EXERCISE DIRECTIONS:
Make an exact copy of the entries below with the pictures removed.
_ _ _
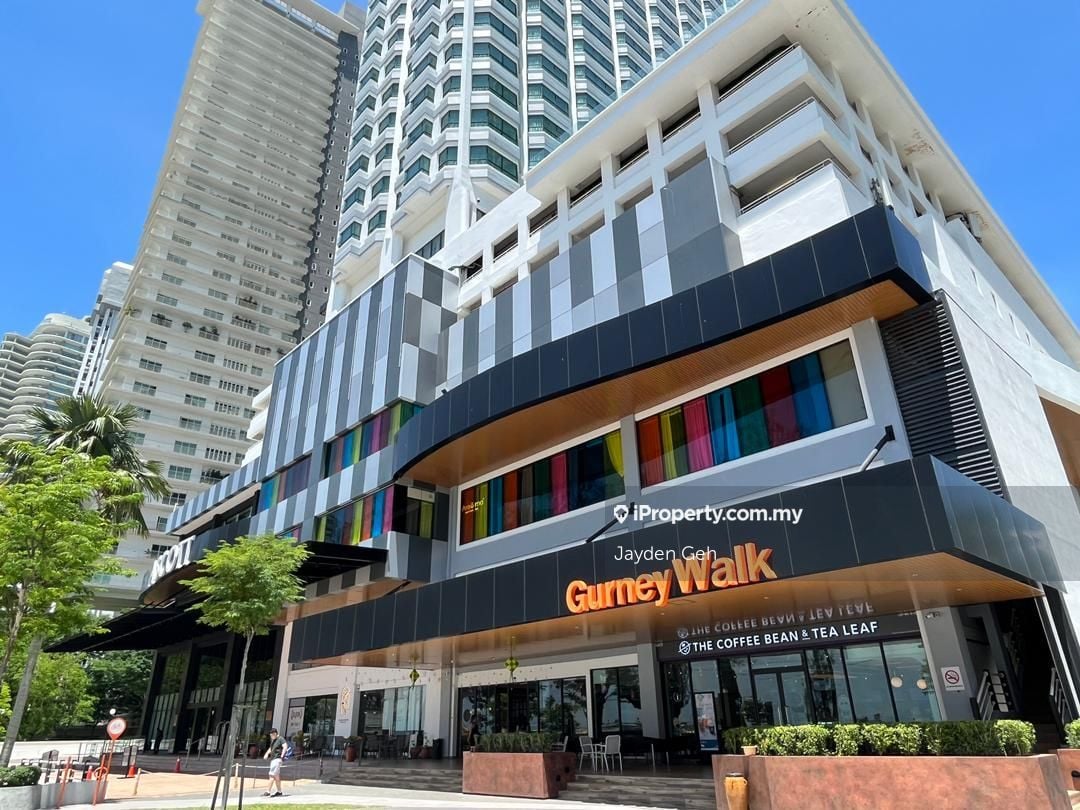 Gurney Tower, Gurney, Office for rent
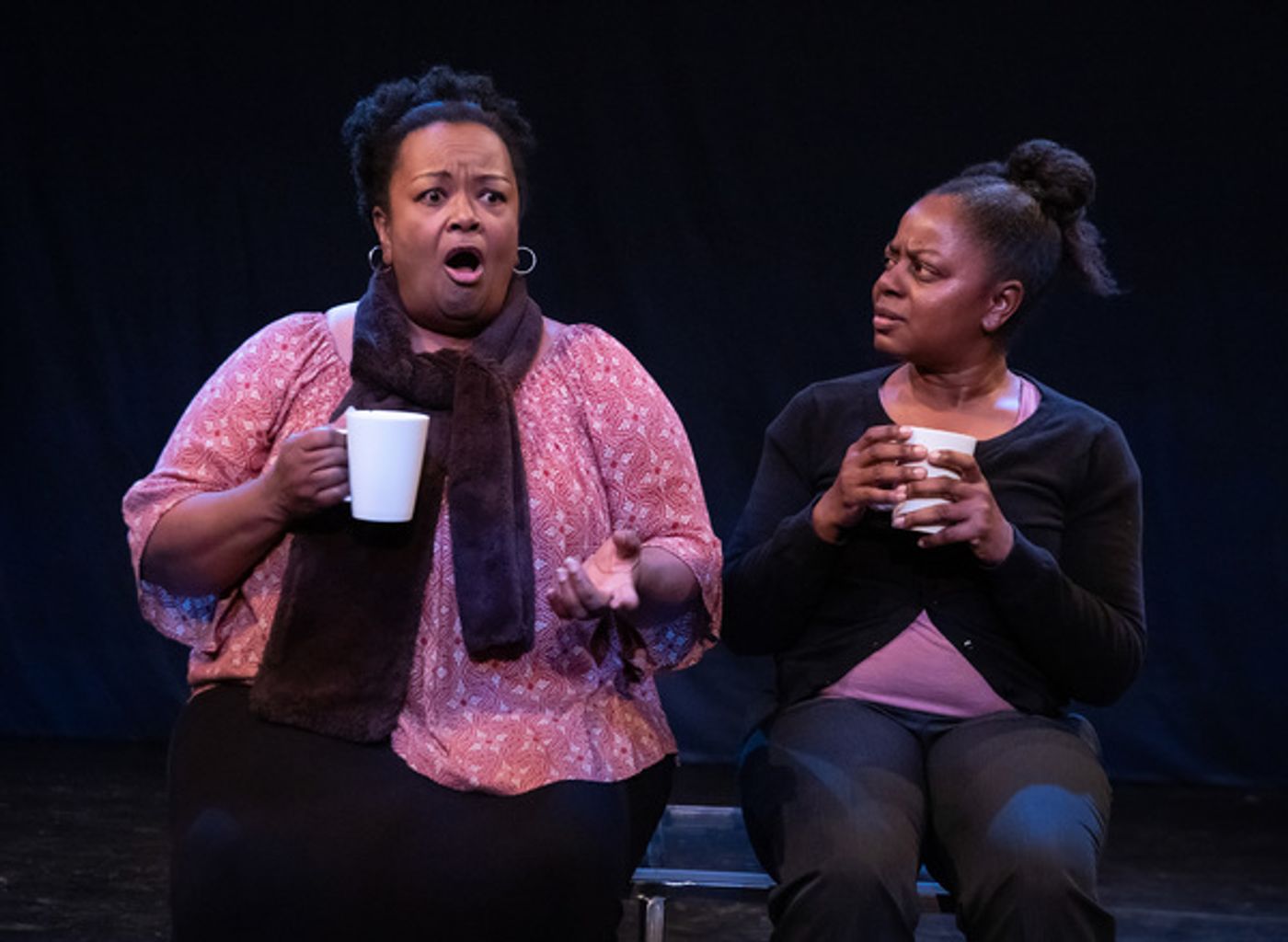 Photo Flash: Open Fist Theatre Company Celebrates 30 Years with RORSCHACH FEST  Image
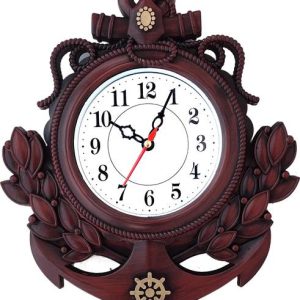 tradsam Analog 31 cm X 24 cm Wall Clock
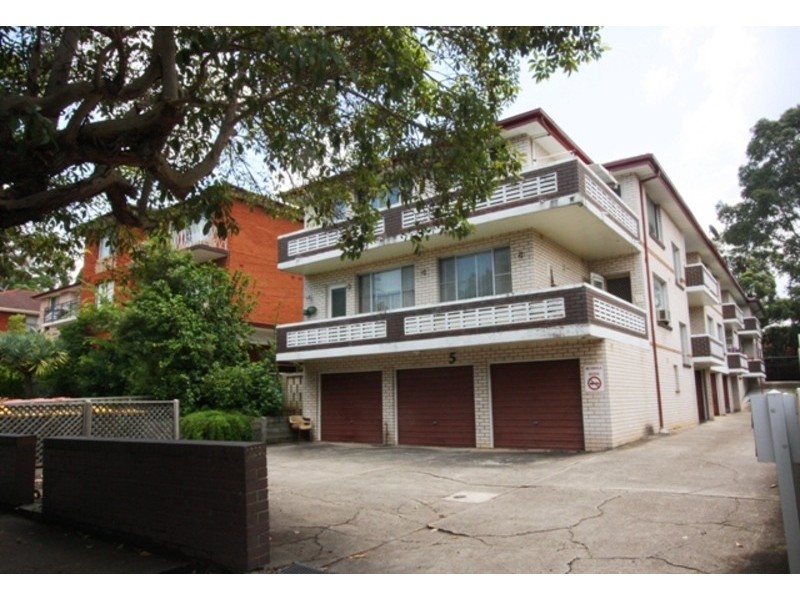 6/5 Hampstead Road, Homebush West NSW 2140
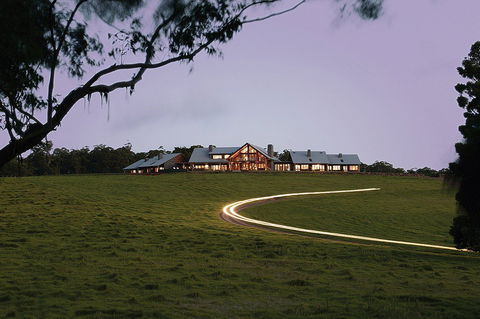 Spicers Peak Lodge - Accommodation Newcastle 1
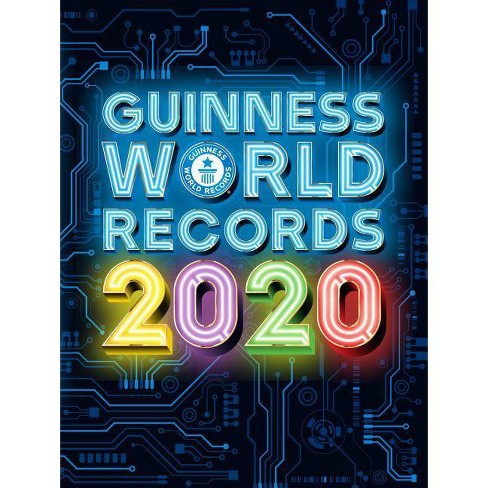 Guinness world store records 2020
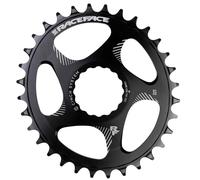 Race Face Direct Mount Oval Chainring - Black 34T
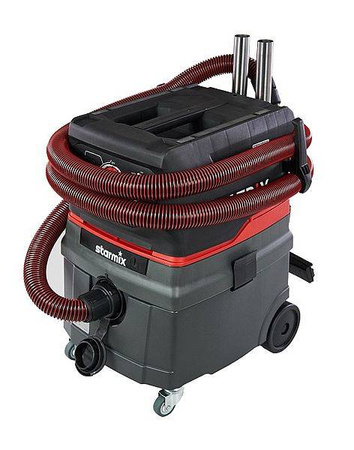 STARMIX ODKURZACZ AKUMULATOROWY ISC Batrix L 36-18V SX100999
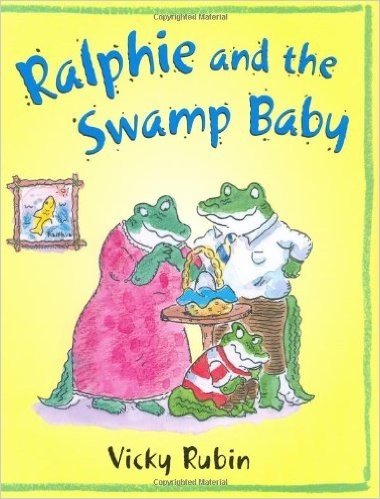 Ralphie and the Swamp Baby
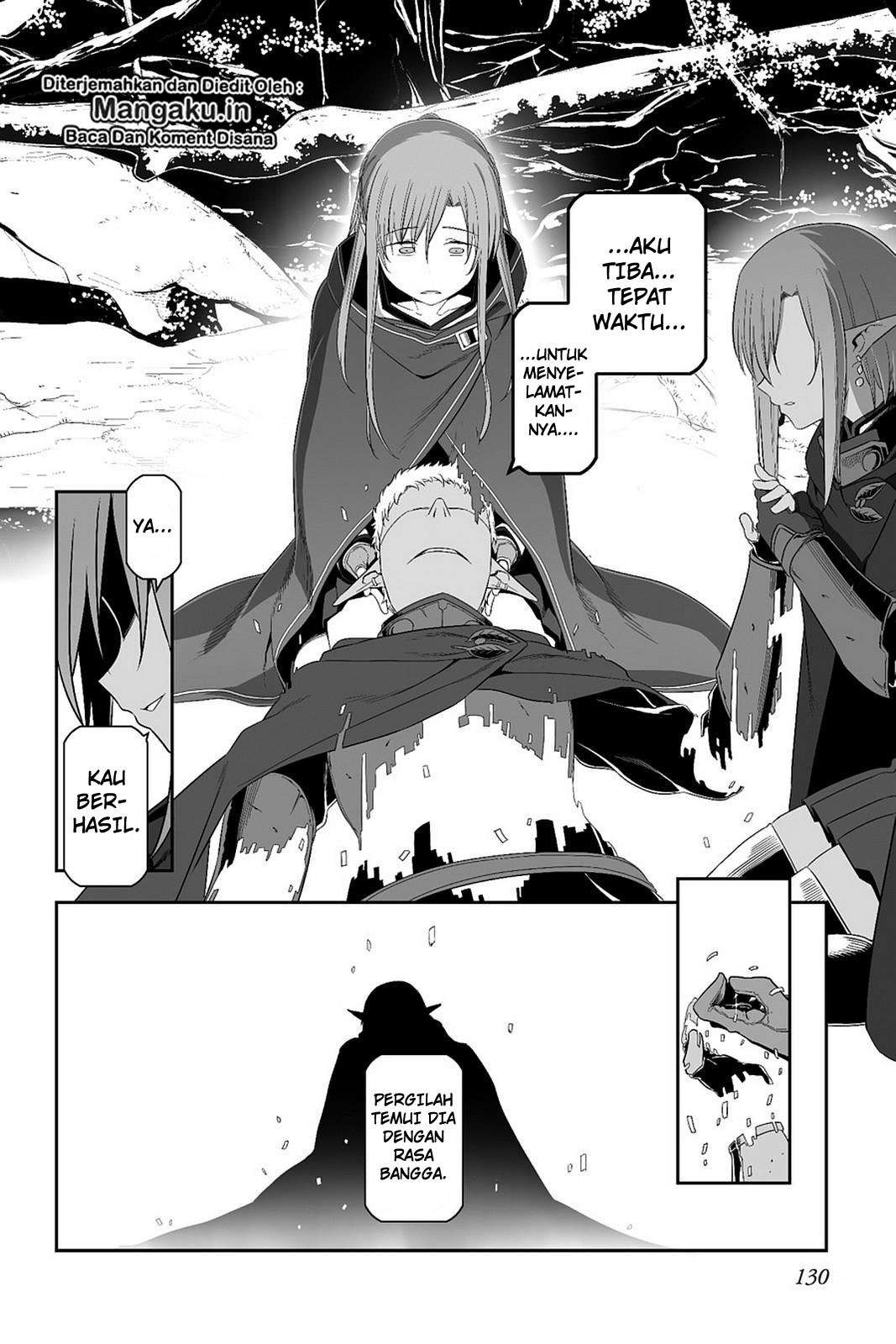 Sword Art Online – Progressive Chapter 27 - halaman 15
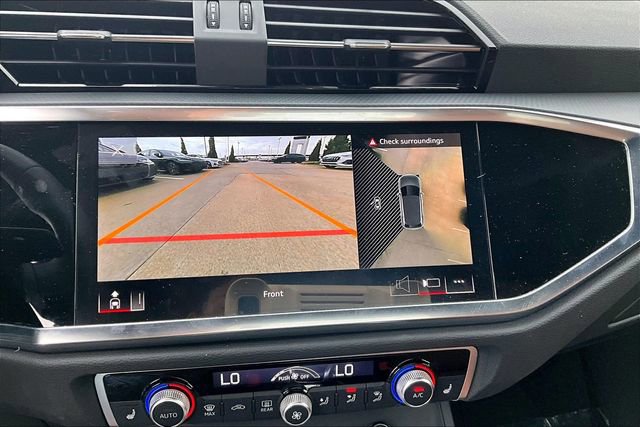 Used 2025 Audi Q3 2.0T Premium Plus w/ Premium Plus Package image 23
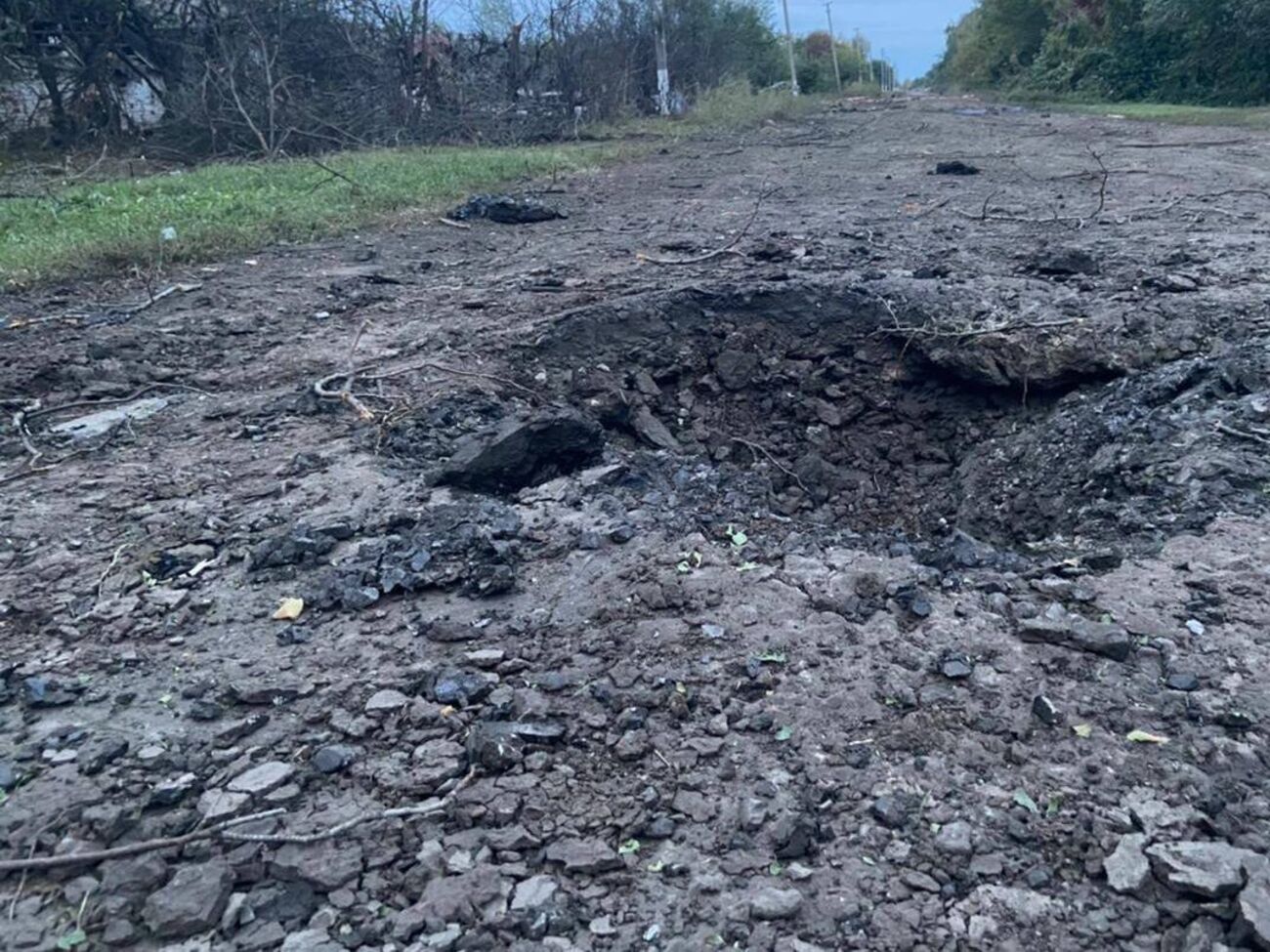 Оккупанты регулярно обстреливают Сумскую область с российской территории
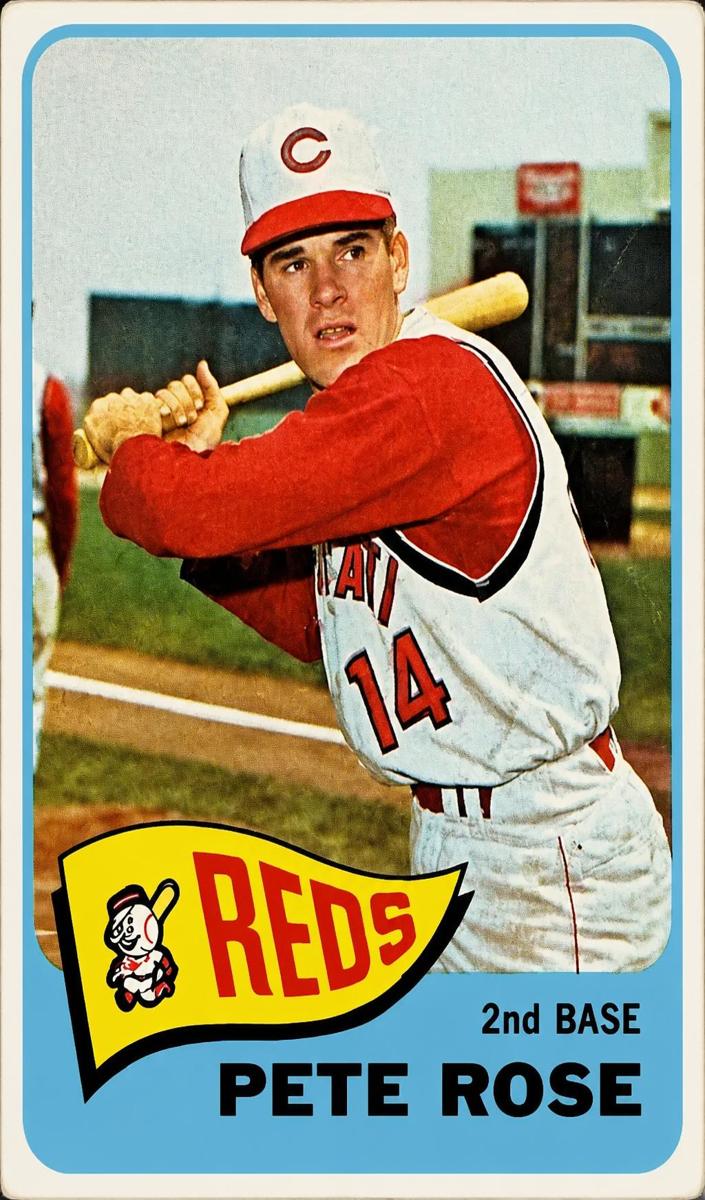 Pete Rose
_ _ _
THE COMPLETED TASK:
 Gurney Tower, Gurney, Office for rent
 Photo Flash: Open Fist Theatre Company Celebrates 30 Years with RORSCHACH FEST  Image
 tradsam Analog 31 cm X 24 cm Wall Clock
 6/5 Hampstead Road, Homebush West NSW 2140
 Spicers Peak Lodge - Accommodation Newcastle 1
 Guinness world store records 2020
 Race Face Direct Mount Oval Chainring - Black 34T
 STARMIX ODKURZACZ AKUMULATOROWY ISC Batrix L 36-18V SX100999
 Ralphie and the Swamp Baby
 Sword Art Online – Progressive Chapter 27 - halaman 15
 Used 2025 Audi Q3 2.0T Premium Plus w/ Premium Plus Package image 23
 Оккупанты регулярно обстреливают Сумскую область с российской территории
 Pete Rose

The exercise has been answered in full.